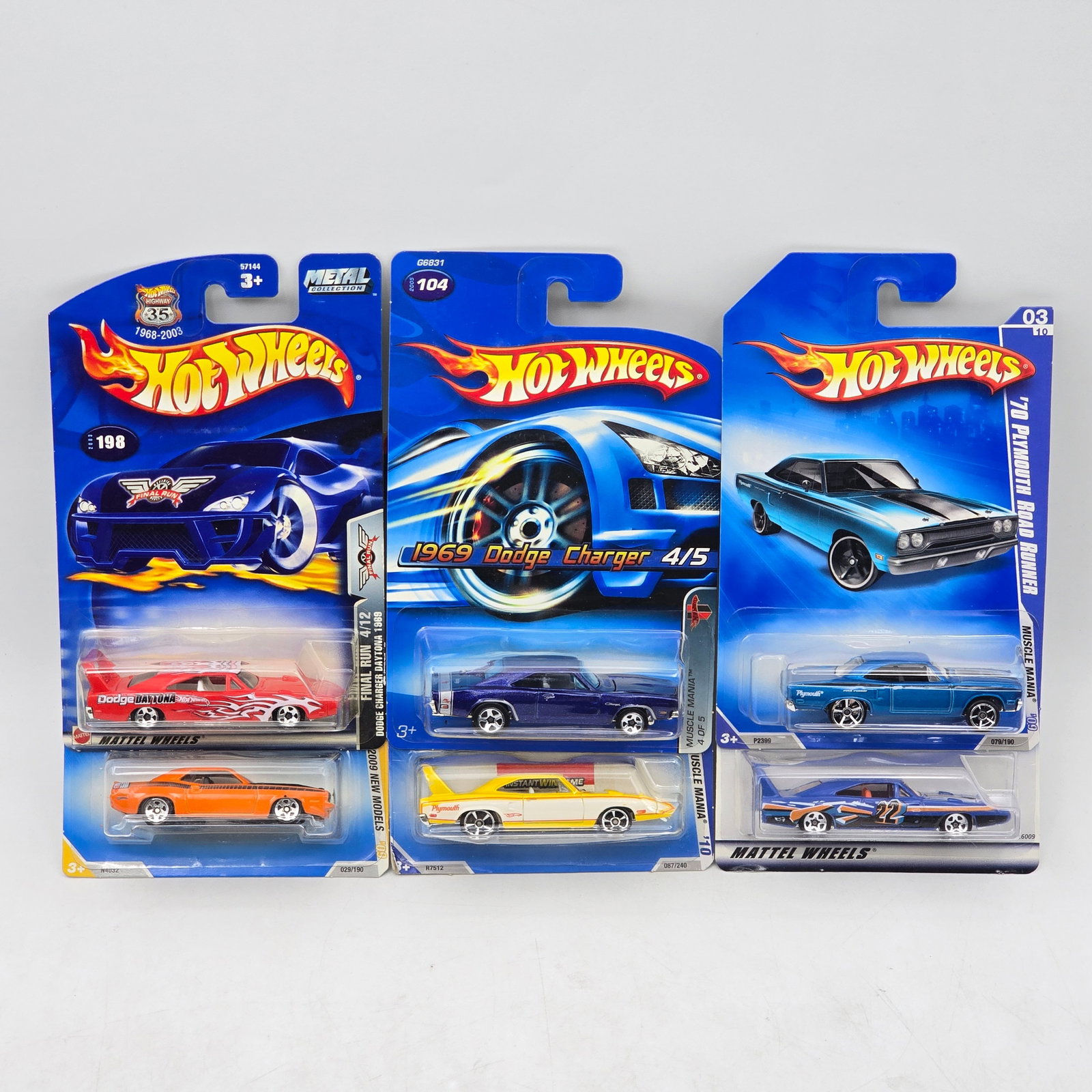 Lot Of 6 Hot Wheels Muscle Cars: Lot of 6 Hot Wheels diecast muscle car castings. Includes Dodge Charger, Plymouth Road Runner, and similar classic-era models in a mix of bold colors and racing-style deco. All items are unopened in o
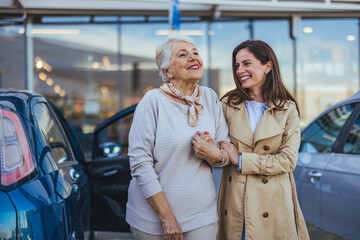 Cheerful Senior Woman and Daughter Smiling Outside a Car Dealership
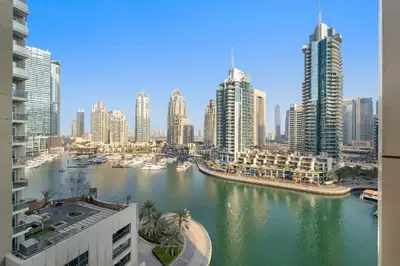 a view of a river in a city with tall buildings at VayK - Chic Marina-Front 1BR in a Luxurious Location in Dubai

----------

- Exercise brief:
The output consists of exactly the lines from the one containing "Cheerful Senior Woman" through the last line of the listing, both included, with no pictures.

- Answer space:
 Cheerful Senior Woman and Daughter Smiling Outside a Car Dealership
 a view of a river in a city with tall buildings at VayK - Chic Marina-Front 1BR in a Luxurious Location in Dubai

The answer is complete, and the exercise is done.